(The records begins)

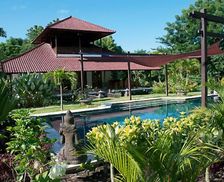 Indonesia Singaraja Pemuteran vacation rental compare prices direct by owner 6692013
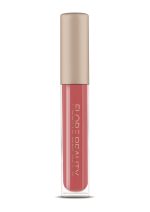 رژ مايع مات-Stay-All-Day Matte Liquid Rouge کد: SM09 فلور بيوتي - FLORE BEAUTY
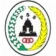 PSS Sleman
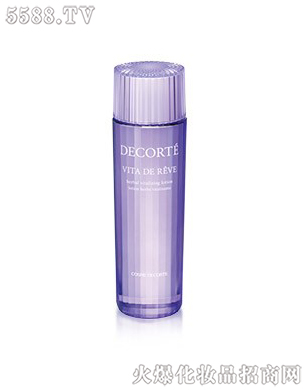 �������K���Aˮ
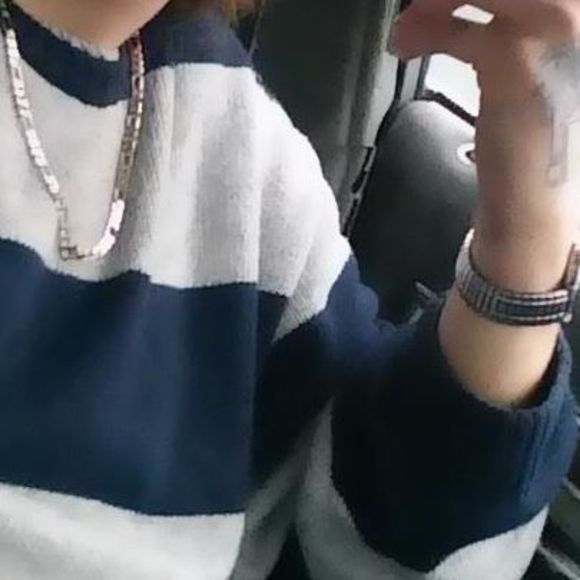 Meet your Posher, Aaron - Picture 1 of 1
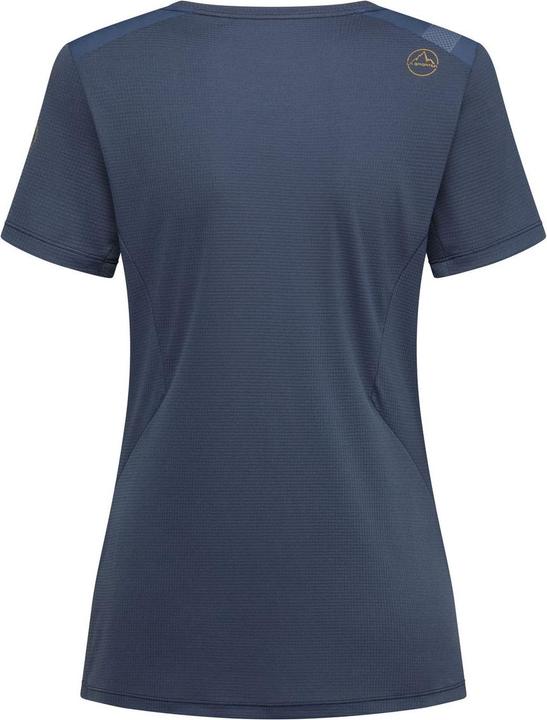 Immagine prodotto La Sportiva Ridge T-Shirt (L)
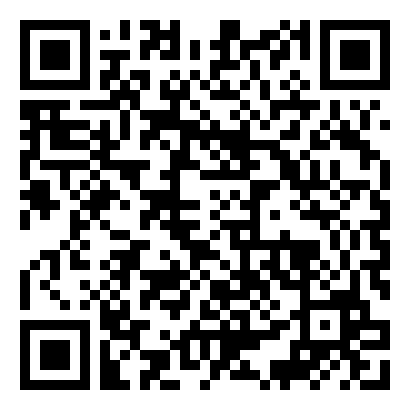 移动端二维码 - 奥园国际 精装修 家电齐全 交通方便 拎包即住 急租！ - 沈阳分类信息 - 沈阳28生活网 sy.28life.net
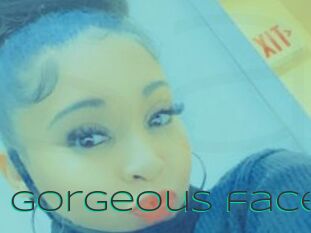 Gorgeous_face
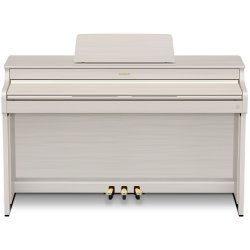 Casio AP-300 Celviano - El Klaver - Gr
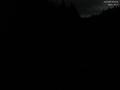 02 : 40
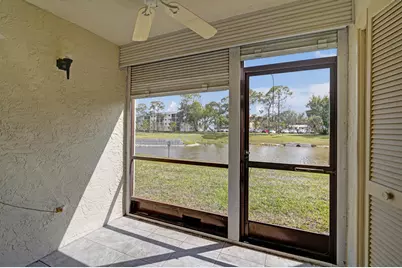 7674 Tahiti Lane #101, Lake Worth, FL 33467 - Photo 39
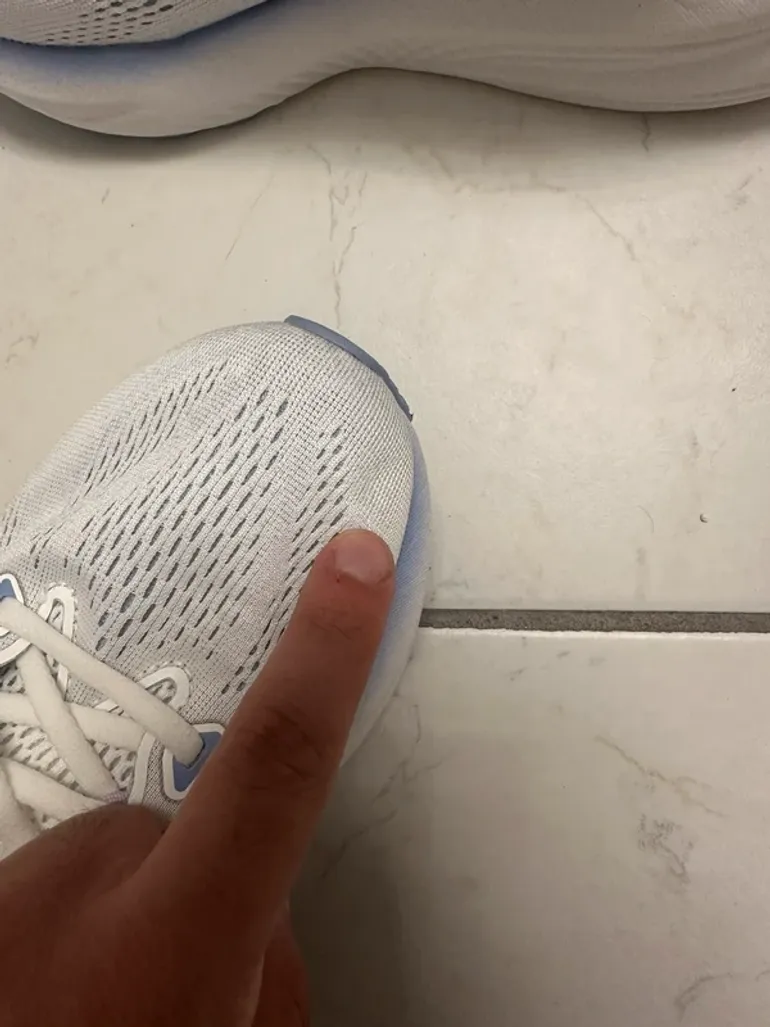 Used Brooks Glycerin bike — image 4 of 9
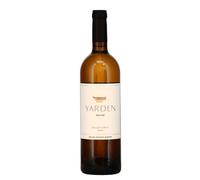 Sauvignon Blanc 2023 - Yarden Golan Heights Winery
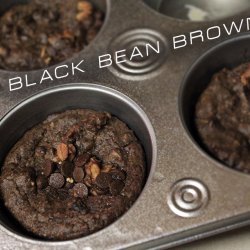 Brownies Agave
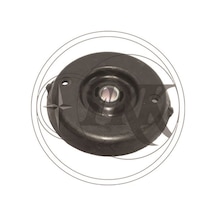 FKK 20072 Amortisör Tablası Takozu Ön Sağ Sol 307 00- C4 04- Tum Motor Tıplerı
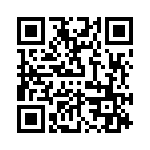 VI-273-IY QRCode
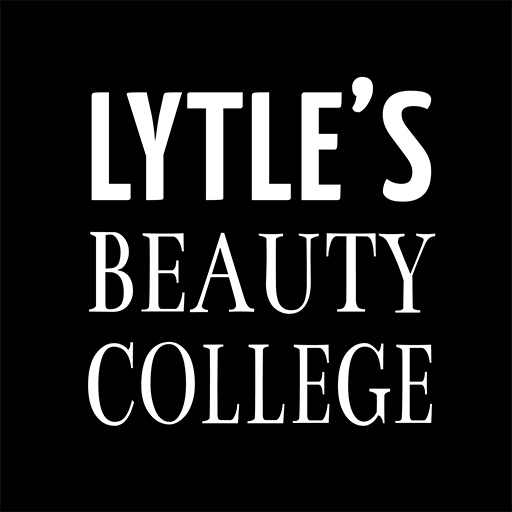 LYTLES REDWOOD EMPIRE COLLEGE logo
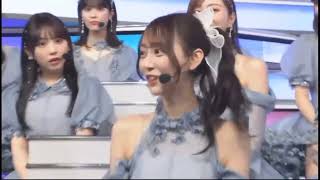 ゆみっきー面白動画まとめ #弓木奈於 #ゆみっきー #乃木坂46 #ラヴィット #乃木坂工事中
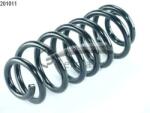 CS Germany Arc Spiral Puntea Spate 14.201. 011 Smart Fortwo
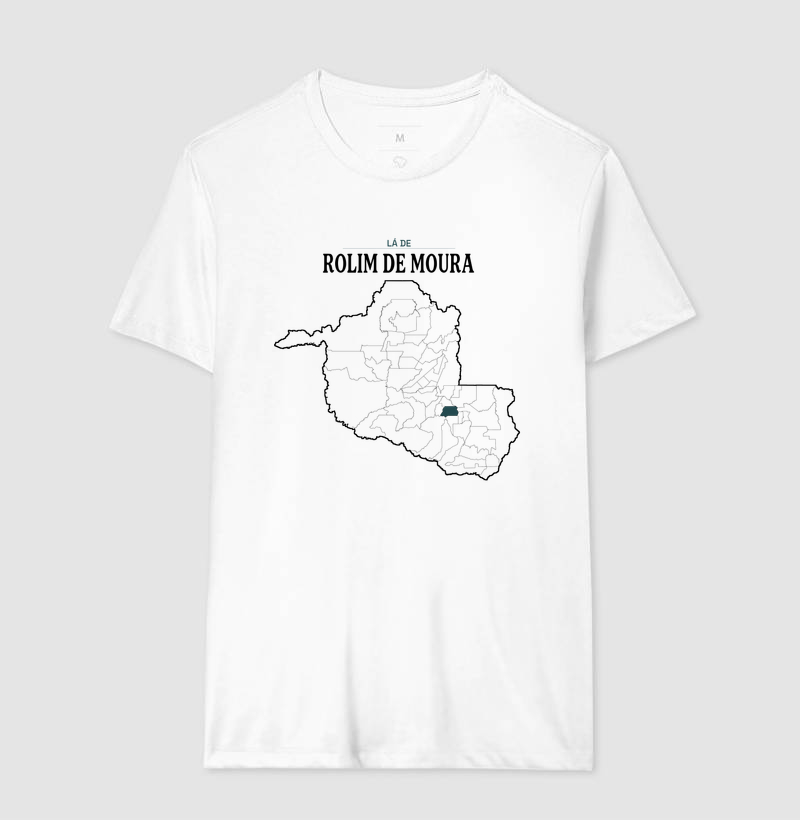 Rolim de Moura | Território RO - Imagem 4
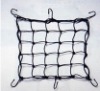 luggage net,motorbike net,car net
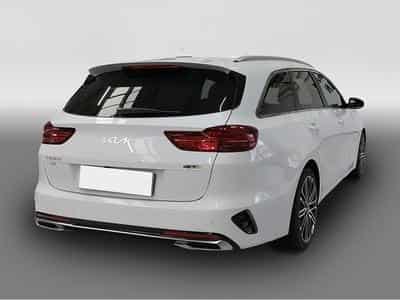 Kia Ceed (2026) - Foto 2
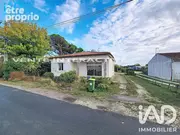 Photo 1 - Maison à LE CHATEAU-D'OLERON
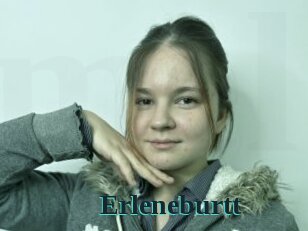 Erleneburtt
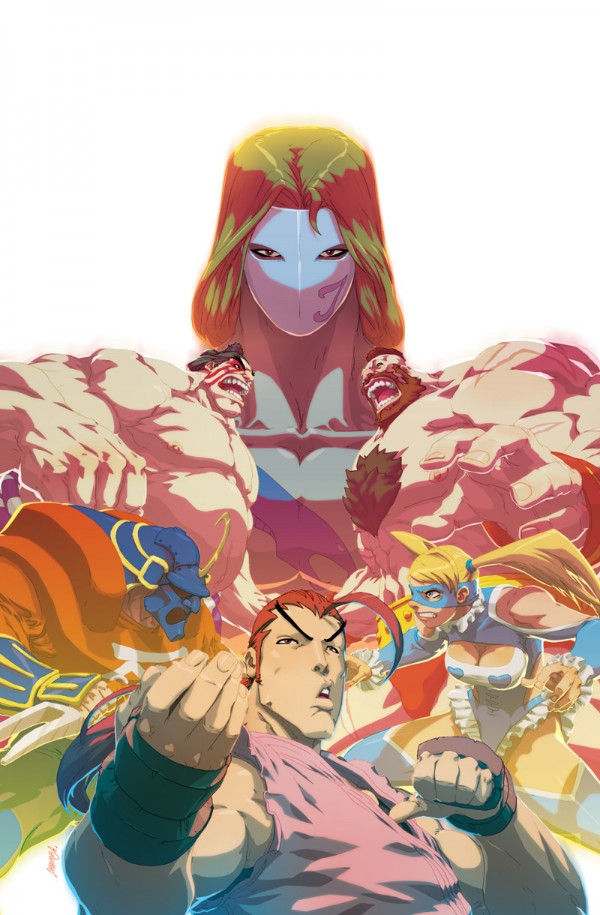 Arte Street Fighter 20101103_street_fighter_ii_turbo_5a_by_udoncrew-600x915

(The records ends)

● Required action: An exact copy of the entries above is required, with the pictures left out.

● Solution:
 Indonesia Singaraja Pemuteran vacation rental compare prices direct by owner 6692013
 رژ مايع مات-Stay-All-Day Matte Liquid Rouge کد: SM09 فلور بيوتي - FLORE BEAUTY
 PSS Sleman
 �������K���Aˮ
 Meet your Posher, Aaron - Picture 1 of 1
 Immagine prodotto La Sportiva Ridge T-Shirt (L)
 移动端二维码 - 奥园国际 精装修 家电齐全 交通方便 拎包即住 急租！ - 沈阳分类信息 - 沈阳28生活网 sy.28life.net
 Gorgeous_face
 Casio AP-300 Celviano - El Klaver - Gr
 02 : 40
 7674 Tahiti Lane #101, Lake Worth, FL 33467 - Photo 39
 Used Brooks Glycerin bike — image 4 of 9
 Sauvignon Blanc 2023 - Yarden Golan Heights Winery
 Brownies Agave
 FKK 20072 Amortisör Tablası Takozu Ön Sağ Sol 307 00- C4 04- Tum Motor Tıplerı
 VI-273-IY QRCode
 LYTLES REDWOOD EMPIRE COLLEGE logo
 ゆみっきー面白動画まとめ #弓木奈於 #ゆみっきー #乃木坂46 #ラヴィット #乃木坂工事中
 CS Germany Arc Spiral Puntea Spate 14.201. 011 Smart Fortwo
 Rolim de Moura | Território RO - Imagem 4
 luggage net,motorbike net,car net
 Kia Ceed (2026) - Foto 2
 Photo 1 - Maison à LE CHATEAU-D'OLERON
 Erleneburtt
 Arte Street Fighter 20101103_street_fighter_ii_turbo_5a_by_udoncrew-600x915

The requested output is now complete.